### Exercise details
Reproduce the records word for word, from the first line to the line containing "Tan Textured Tote".

### Data extract
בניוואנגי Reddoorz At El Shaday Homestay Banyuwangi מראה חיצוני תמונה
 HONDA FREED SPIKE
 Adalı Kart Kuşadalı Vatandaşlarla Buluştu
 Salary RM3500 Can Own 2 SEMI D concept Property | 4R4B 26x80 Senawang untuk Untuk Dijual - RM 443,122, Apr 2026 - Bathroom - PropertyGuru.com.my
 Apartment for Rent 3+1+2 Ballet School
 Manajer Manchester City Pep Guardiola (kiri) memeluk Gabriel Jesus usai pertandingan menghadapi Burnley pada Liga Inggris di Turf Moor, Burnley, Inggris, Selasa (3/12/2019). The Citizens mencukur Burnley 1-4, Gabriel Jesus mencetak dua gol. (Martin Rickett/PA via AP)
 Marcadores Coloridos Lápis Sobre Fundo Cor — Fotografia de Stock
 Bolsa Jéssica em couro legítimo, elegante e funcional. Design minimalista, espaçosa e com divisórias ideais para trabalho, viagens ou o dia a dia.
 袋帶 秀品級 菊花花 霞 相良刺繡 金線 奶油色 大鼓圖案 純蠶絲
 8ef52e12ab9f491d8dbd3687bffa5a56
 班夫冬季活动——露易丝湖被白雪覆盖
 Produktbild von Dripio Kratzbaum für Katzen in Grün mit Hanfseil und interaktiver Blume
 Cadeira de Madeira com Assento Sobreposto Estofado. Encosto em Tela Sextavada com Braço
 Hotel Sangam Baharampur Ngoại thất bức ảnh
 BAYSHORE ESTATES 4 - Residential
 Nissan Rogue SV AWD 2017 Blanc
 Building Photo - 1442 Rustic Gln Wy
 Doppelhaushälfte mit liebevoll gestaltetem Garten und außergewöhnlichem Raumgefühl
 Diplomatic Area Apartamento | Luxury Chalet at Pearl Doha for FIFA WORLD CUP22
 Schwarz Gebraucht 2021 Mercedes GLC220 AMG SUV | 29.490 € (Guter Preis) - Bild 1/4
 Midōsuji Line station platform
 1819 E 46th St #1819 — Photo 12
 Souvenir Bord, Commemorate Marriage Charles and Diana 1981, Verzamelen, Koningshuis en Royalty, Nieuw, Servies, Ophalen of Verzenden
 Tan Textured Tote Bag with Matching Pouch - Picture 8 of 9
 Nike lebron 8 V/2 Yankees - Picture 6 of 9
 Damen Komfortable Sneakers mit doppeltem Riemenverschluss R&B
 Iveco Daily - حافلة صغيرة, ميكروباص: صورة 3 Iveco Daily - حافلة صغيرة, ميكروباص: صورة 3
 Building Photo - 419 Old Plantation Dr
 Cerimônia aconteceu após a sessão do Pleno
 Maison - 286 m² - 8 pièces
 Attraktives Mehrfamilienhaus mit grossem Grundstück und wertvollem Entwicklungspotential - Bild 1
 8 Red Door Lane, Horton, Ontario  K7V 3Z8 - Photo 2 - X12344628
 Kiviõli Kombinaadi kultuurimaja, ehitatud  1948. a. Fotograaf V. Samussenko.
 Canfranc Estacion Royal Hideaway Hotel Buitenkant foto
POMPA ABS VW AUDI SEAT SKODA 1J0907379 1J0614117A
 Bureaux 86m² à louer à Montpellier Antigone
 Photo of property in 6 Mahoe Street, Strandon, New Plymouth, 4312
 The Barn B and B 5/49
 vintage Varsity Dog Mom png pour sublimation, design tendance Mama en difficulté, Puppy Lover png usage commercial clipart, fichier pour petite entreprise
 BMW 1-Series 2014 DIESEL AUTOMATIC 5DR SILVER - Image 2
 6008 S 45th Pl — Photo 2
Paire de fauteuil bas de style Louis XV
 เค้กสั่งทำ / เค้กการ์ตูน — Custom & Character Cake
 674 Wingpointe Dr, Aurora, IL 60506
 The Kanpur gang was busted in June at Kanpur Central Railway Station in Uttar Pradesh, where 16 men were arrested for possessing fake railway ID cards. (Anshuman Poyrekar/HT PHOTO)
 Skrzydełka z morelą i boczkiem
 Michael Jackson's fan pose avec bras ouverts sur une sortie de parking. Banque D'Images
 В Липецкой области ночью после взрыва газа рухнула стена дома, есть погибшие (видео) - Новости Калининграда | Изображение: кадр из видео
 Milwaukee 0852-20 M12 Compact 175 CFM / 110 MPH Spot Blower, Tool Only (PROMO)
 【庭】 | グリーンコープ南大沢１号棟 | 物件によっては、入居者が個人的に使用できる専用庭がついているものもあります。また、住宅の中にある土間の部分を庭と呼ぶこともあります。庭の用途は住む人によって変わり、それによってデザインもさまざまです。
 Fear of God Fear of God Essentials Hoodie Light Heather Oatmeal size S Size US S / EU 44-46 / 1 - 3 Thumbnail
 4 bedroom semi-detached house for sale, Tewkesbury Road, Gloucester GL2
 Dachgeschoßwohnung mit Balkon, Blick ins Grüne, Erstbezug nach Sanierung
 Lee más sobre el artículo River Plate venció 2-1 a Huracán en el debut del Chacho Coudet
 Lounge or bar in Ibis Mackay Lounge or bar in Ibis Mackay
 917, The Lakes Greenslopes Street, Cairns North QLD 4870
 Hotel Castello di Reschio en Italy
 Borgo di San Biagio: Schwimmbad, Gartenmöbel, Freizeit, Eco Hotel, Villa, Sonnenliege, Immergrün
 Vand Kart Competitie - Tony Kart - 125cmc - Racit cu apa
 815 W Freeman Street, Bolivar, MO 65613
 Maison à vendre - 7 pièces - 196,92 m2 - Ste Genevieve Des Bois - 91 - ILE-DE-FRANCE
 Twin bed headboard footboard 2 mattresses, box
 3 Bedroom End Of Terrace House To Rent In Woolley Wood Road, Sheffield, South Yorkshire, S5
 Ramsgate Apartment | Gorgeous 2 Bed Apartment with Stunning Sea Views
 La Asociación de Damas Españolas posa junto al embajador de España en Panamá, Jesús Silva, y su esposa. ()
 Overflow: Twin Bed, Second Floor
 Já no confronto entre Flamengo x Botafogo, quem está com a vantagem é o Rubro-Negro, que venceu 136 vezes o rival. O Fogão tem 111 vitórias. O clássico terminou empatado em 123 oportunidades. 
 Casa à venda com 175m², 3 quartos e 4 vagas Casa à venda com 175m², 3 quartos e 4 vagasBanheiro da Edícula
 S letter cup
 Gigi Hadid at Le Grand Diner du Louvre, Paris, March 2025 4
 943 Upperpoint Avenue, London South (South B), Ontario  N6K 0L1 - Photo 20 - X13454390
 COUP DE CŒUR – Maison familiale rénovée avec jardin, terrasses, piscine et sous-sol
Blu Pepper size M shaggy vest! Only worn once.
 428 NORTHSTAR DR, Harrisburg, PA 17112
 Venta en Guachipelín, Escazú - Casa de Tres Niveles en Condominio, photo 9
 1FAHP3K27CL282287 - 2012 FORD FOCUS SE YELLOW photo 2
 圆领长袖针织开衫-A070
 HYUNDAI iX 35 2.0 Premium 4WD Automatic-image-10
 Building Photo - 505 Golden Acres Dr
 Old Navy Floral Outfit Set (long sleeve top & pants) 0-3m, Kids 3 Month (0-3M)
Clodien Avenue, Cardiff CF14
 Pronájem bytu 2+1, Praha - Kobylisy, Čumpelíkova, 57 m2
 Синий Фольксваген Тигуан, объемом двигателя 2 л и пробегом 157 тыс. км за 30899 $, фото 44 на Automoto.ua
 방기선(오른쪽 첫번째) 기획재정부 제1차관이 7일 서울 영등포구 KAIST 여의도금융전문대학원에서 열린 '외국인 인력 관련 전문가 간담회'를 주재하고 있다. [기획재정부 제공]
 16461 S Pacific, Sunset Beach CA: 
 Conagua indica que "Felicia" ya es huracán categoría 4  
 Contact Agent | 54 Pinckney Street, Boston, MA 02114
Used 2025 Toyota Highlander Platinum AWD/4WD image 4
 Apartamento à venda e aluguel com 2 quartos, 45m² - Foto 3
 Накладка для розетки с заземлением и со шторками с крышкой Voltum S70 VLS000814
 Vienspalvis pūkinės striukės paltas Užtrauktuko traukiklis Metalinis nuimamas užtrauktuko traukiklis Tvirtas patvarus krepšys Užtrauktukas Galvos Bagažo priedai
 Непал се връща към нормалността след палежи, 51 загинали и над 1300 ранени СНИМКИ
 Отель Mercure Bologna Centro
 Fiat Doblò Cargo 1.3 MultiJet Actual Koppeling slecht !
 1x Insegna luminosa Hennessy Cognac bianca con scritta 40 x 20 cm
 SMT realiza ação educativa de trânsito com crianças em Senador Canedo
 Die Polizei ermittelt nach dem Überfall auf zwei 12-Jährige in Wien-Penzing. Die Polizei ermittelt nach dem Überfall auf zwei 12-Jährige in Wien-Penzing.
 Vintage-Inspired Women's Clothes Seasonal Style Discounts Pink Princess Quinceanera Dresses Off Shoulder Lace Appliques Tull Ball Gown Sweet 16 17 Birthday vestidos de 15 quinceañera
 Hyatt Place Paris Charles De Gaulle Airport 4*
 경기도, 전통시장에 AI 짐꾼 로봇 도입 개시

### Response to this task
בניוואנגי Reddoorz At El Shaday Homestay Banyuwangi מראה חיצוני תמונה
 HONDA FREED SPIKE
 Adalı Kart Kuşadalı Vatandaşlarla Buluştu
 Salary RM3500 Can Own 2 SEMI D concept Property | 4R4B 26x80 Senawang untuk Untuk Dijual - RM 443,122, Apr 2026 - Bathroom - PropertyGuru.com.my
 Apartment for Rent 3+1+2 Ballet School
 Manajer Manchester City Pep Guardiola (kiri) memeluk Gabriel Jesus usai pertandingan menghadapi Burnley pada Liga Inggris di Turf Moor, Burnley, Inggris, Selasa (3/12/2019). The Citizens mencukur Burnley 1-4, Gabriel Jesus mencetak dua gol. (Martin Rickett/PA via AP)
 Marcadores Coloridos Lápis Sobre Fundo Cor — Fotografia de Stock
 Bolsa Jéssica em couro legítimo, elegante e funcional. Design minimalista, espaçosa e com divisórias ideais para trabalho, viagens ou o dia a dia.
 袋帶 秀品級 菊花花 霞 相良刺繡 金線 奶油色 大鼓圖案 純蠶絲
 8ef52e12ab9f491d8dbd3687bffa5a56
 班夫冬季活动——露易丝湖被白雪覆盖
 Produktbild von Dripio Kratzbaum für Katzen in Grün mit Hanfseil und interaktiver Blume
 Cadeira de Madeira com Assento Sobreposto Estofado. Encosto em Tela Sextavada com Braço
 Hotel Sangam Baharampur Ngoại thất bức ảnh
 BAYSHORE ESTATES 4 - Residential
 Nissan Rogue SV AWD 2017 Blanc
 Building Photo - 1442 Rustic Gln Wy
 Doppelhaushälfte mit liebevoll gestaltetem Garten und außergewöhnlichem Raumgefühl
 Diplomatic Area Apartamento | Luxury Chalet at Pearl Doha for FIFA WORLD CUP22
 Schwarz Gebraucht 2021 Mercedes GLC220 AMG SUV | 29.490 € (Guter Preis) - Bild 1/4
 Midōsuji Line station platform
 1819 E 46th St #1819 — Photo 12
 Souvenir Bord, Commemorate Marriage Charles and Diana 1981, Verzamelen, Koningshuis en Royalty, Nieuw, Servies, Ophalen of Verzenden
 Tan Textured Tote Bag with Matching Pouch - Picture 8 of 9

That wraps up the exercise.